Consider a planaria with relatively simple behaviors and well-known neural structure. What protocols or tests can be used to demonstrate that an AGI makes decisions aligned with planaria values?
Do we need to go simpler and achieve proof-of-concept alignment with virtual life? Can we prove glider alignment by demonstrating an optimization process that will generate a Game of Life starting position where the inferred values of gliders are respected and fulfilled throughout the evolution of the game? This isn't a straw man; a calculus for values has to handle the edge-cases too. There may be a very simple answer of moral indifference in the case of gliders but I want to be shown why the reasoning is coherent when the same calculus will be applied to other organisms.

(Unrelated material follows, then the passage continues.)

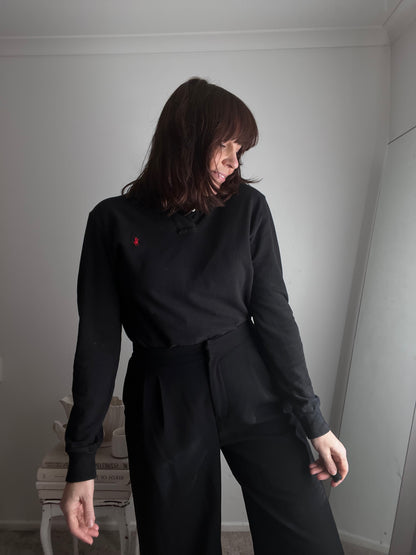 POLO RALPH LAUREN Black Custom Fit Long Sleeve Polo (10-12 imo)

As an important aside, will these procedures essentially reverse-engineer values by subjecting organisms to every possible input to see how they respond and try to interpret those responses, or is there truly a calculus of values we expect to discover that correctly infers values from the nature of organisms without using/simulating torture?
I have no concrete idea how to accomplish the preceding things and don't expect that anyone else does either. Maybe I'll be pleasantly surprised.
Barring this kind of fundamental accomplishment for alignment I think it's foolhardy to assume ML procedures will be found to convert human values into AGI optimization goals. We can't ask planaria or gliders what they value and we will have to reason it out from first principles, and AGI will have to do the same for us with very limited help from us if we can't even align for planaria. Claiming that planaria or gliders don't have values or that they are not complex enough to effectively communicate their values are both cop-outs. From the perspective of an AGI we humans will be just as inscrutable, if not moreso. If values are not unambiguously well-defined for gliders or planaria then what hope do we have of stumbling onto well-defined human values at the granularity of AGI optimization processes? In the best case I can imagine a distribution of values-calculuses with different answers for these simple organisms but almost identical answers for more complex organisms, but if we don't get that kind of convergence we better be able to rigorously tell the difference before we send an AGI hunting in that space for one to apply to us.
Hm, upon more thought I actually kind of endorse this as a demo. I think we should be able to run an alignment scheme on c. elegans and get out a universe full of well-fed worms, and that's a decent sign that we didn't screw up, despite the fact that it doesn't engage with several key problems that arise in humans because we're more complicated, have preferences about pur preferences, etc. No weird worm-stimulation should be needed. But we do have to accept that we're not getting some notion of values independent of an act of interpretation.